Profound examples and figures are provided to illustrate the different uses of BAV in the examination of brand performance. For those readers who are not familiar with the BAV tool, this chapter is a must read.

Chapter 3 suggests five parallel behaviors of consumers and investors. According to the authors, consumers today “select brands based on the same principles investors use to select stocks” (p. 59), thus, identifying the similarities between investors and consumer behaviors help to understand how to build energy into your brand. The five similarities include seeking future benefits, maximizing current returns, accumulating information and knowledge before investing, watching for movement to simplify choice, and demanding transparency and accountability. The remaining chapter discusses why an energized brand is able to drive up both margin and volume, to boost market share, and to create future value.

Chapter 4 provides a brief analysis of why creativity is an important component of consumers' perception of brand energy. Creativity is defined in a loose term. The authors seek to “ paint broad strokes how consumers feel about and interpret creativity and why they constantly crave innovation and uniqueness at elements of energy found in the world' s most admired brands” (p. 82). This chapter is short and sweet.

Chapter 5 further explores the new consumer behavior, expectation, and mindset called “ConsumerLand” (p. 89). The authors describe technology innovation and change in human nature and its impact on how “consumers have co‐opted the brand government” (p. 91). In this ConsumerLand, consumers “have unprecedented technology … which in turn gives them unprecedented power to alter their relationship with brands” (pp. 89‐90). This chapter is easy to follow and fun to read.

After laying out background information and key concepts in Part I, the authors devote the next five chapters (Part II) to present a thorough, lucid description of a five‐stage model on how to “infuse energy into your brand and extend it through the value chain into your entire enterprise” (p. 57). In addition, a variety of cases, such as Lego, Virgin, Xerox, Mumbai Tiffin Box Company, and Uniqlo, are provided. These real‐life examples and insights add to the book by providing a concrete demonstration of the five‐stage model (p. 119):

  1. 1.

    (Chapter 6): “Exploration: Performing a baseline energy audit”.

  2. 2.

    (Chapter 7): “Distillation: Identifying the energy core”.

  3. 3.

    (Chapter 8): “Ignition: Creating an energized value chain”.

  4. 4.

    (Chapter 9): “Fusion: Becoming an energy‐driven enterprise”.

  5. 5.

    (Chapter 10): “Renewal: Active listening and constant refreshing of brand meaning”.
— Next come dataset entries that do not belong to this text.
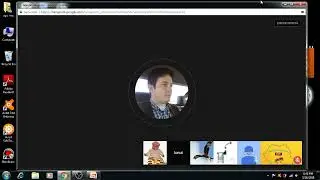 Eu, Ionut & Ovidiu 2018-03-26 Ep2 Discutii Apicole CM #apisines   #abcapicol2025  #ionelnistor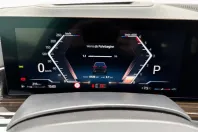 BMW X5 din 2024 cu 13.528 km - oferta BMW166445 - foto 7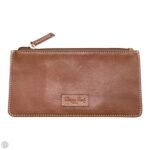 Wallet Designer Bag, Size: Large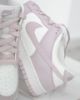 圖片 KTQ STORE 現貨 Nike Dunk Low GS 香芋紫 FB9109-122
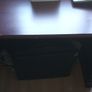 Desk Image 4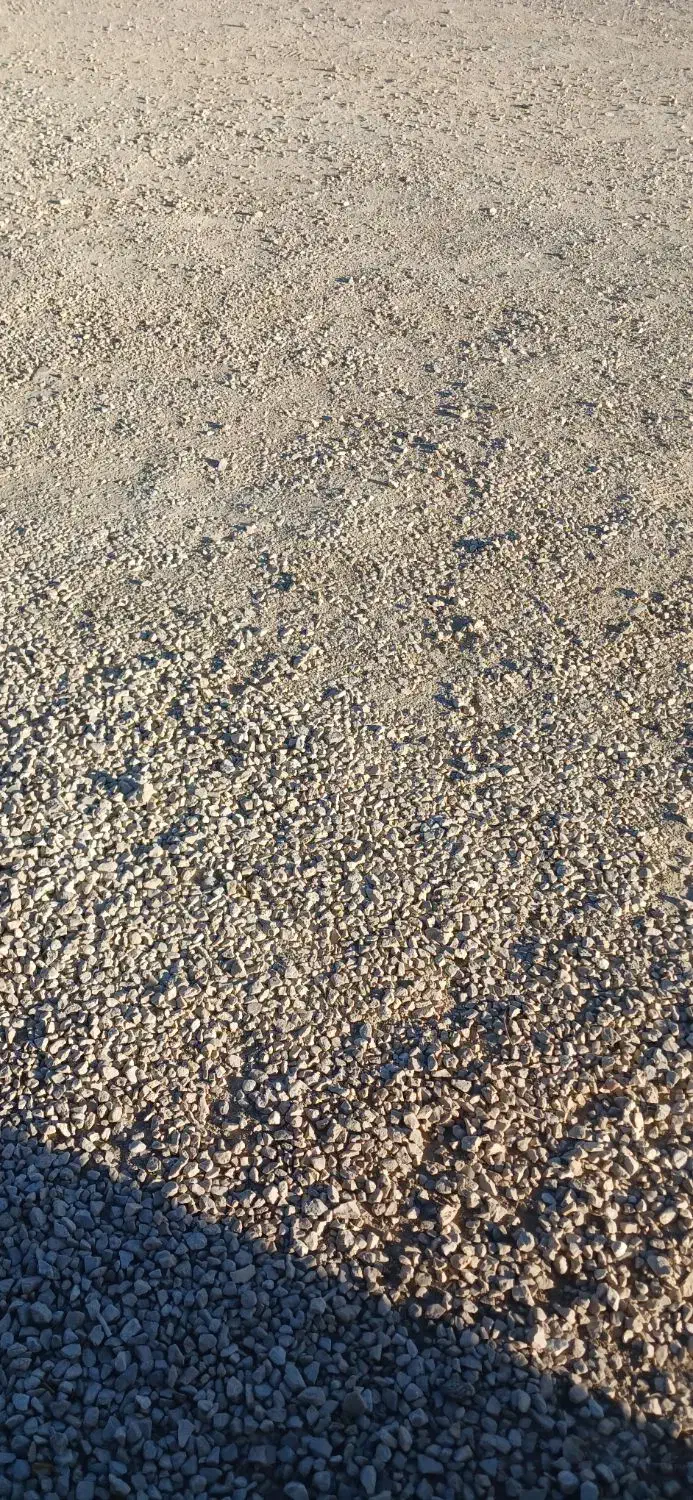 مسکن ملی|فروش آپارتمان|قروه, |دیوار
For each of the five stages, first, the process adopted is presented to the readers. Next, the leading obstacle that prevents businesses from moving forward in this stage is demonstrated. In order to counter the obstacles, the authors develop “Laws of Energy” (p. 117), which lead to the “New rules of brand management” (p. 118). The new rules of brand management “translate each law into practical actions, strategies and tactics for leaders and managers to induce energy into their brands” (p. 118). The development of this model is based on the analysis of the practices of the highest energy brands from 900 companies worldwide and incorporates consumer behaviors research conducted in London, Moscow, Mumbai, New York, Sao Paulo, Shanghai, Singapore, Sydney, Tokyo, and Warsaw (p. 117). This model is very practical, has real credibility and high validity, and can be applied to different products, brands, and industries.
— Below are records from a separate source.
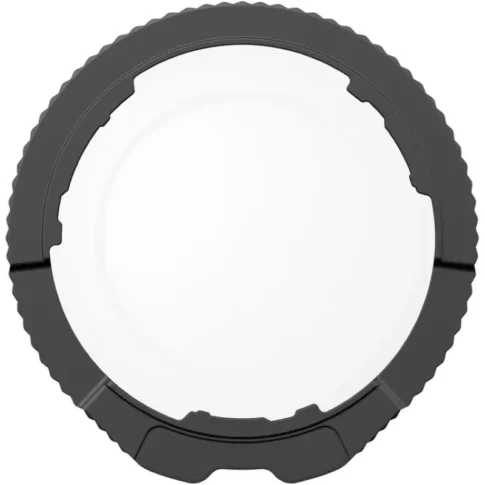 Insta360 Premium Lens Guard Set for X4 Air (9) Insta360 Premium Lens Guard Set for X4 Air (9)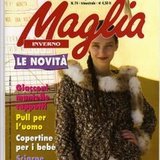 MAGLIANOVEMGENAIO2007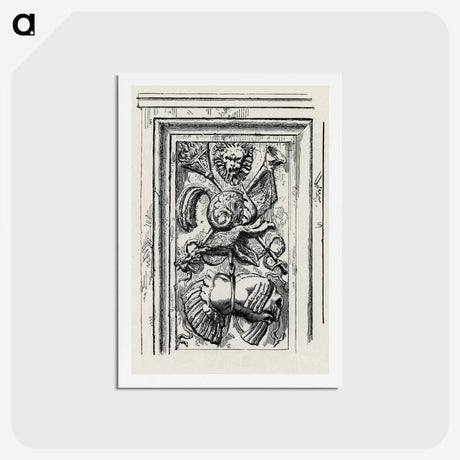 2-48_The-Grammar-of-Ornament_hagaki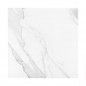 Pavimento Love Precious Calacatta Mate 60x60 Retificado 1a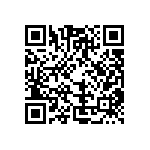 CXA3070-0000-000NT0Z435H QRCode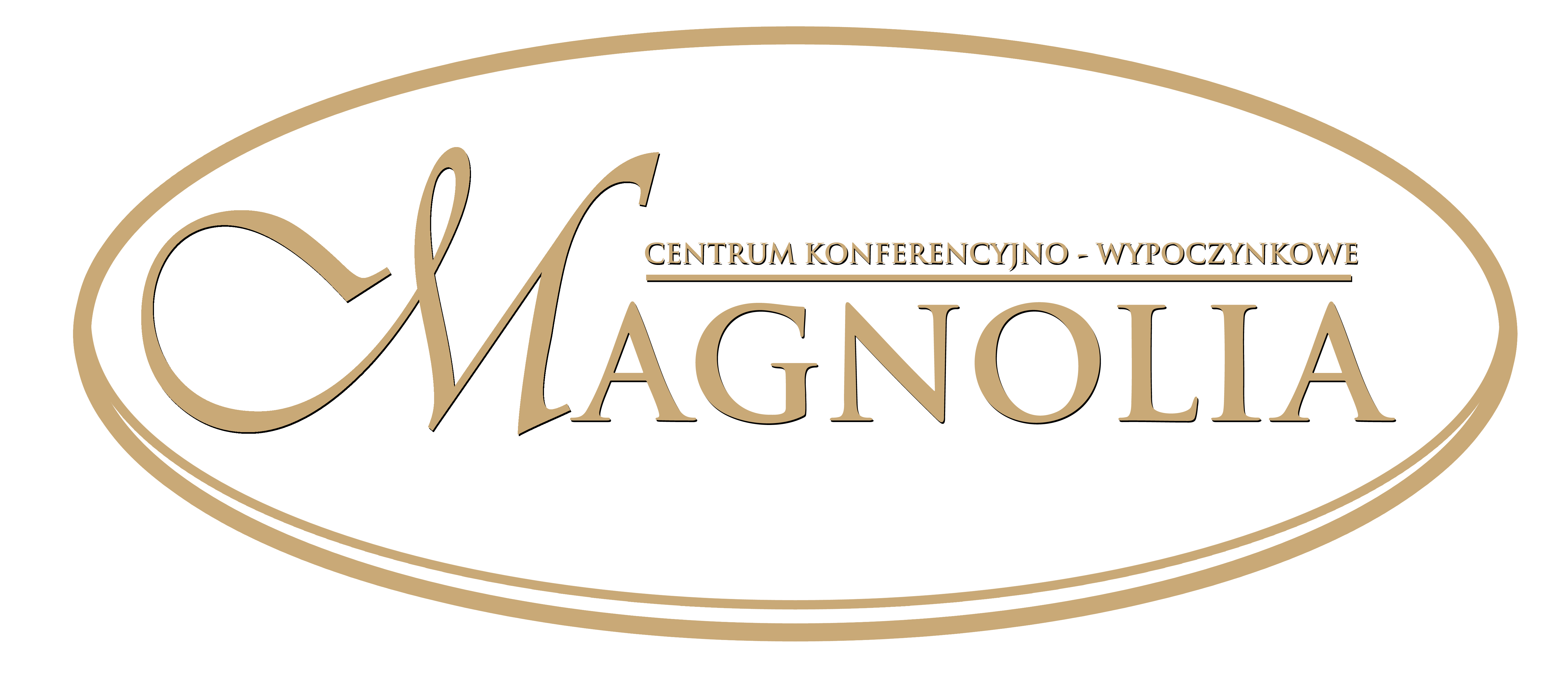 Magnolia logo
Overall, the authors discuss practical branding management issues and introduce the five‐stage model to help managers evaluate and track brand energy across products and industries. Perhaps the most important aspect of this book is that the authors explain the innovative concept of brand energy clearly and outline how to implement this key concept. This book is quite practical from a tactical point of view. I believe that The Brand Bubble is suitable for marketers, brand managers, entrepreneurs, small company owners, and anyone who is involved in brand management. I found the book to be stimulating and fun to read, and it can serve as eye‐openers for new research avenues and new contexts in the area of brand management for academia and practitioner alike.